L'accueil positif reçu sur Amer nous a permis de faire ce film qui a été beaucoup plus facile à monter. On tient beaucoup à notre liberté donc on a un budget qui est vite plafonné. On est conscient des limites qu'on a et on essaye de les exploiter au mieux. Quand on veut faire des films où la forme est très travaillée, avec des musiques et des décors qui coûtent cher, on espère avoir les moyens suffisants pour obtenir l'objet final dont on rêve. Jusqu'à présent, on a réussi à tirer notre épingle du jeu !

- Il paraît que Tarantino est l'un de vos fans, qui a classé Amer parmi ses films préférés de 2010  ! 

C'est hallucinant !  Ce sont des gens dont on connait leurs films depuis très longtemps et on ne pense même pas qu'ils existent.

- Pouvez-vous nous dire quelques mots sur la participation de Peter Strickland * ? 

Il avait vu Amer avant de réaliser Berberian Sound Studio qu'on a adoré. On l'a rencontré lors d'un festival et on a sympathisé. Dans Berberian Sound Studio, Peter travaille le son comme on le fait pour nos films. Il avait envie de nous donner un son pour L'Etrange couleur, le bruit d'un cri qui représentait une passerelle entre les deux films. On ne se connait pas vraiment mais il y a une connivence dans notre démarche, la même manière d'appréhender un certain cinéma des années 60-70. 

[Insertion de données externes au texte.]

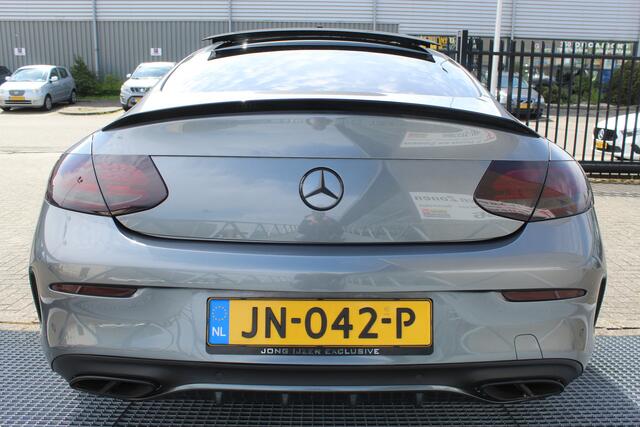 Mercedes-Benz C-KLASSE Coupé 200 Prestige AMG Automaat/Panoramadak/Navigatie/Cruise control/Voorstoelen elektrisch verstelbaar+verwarmbaar/Kleppensysteem/Buitenpiegels inklapbaar/360 camera/Led koplampen adaptief/Alarm klasse 3/Parkeersensoren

Propos recueillis par Antoine Jullien

Belgique / France  /Luxembourg - 1h42
Réalisation et Scénario : Bruno Forzani et Hélène Cattet 
Avec : Klaus Tange, Jean-Michel Vovk, Sylvie Carmada, Sam Louwyck.



* Peter Strickland est le réalisateur de Berberian Sound Studio, un film qui fait clairement référence au giallo à travers le portrait d'un ingénieur du son.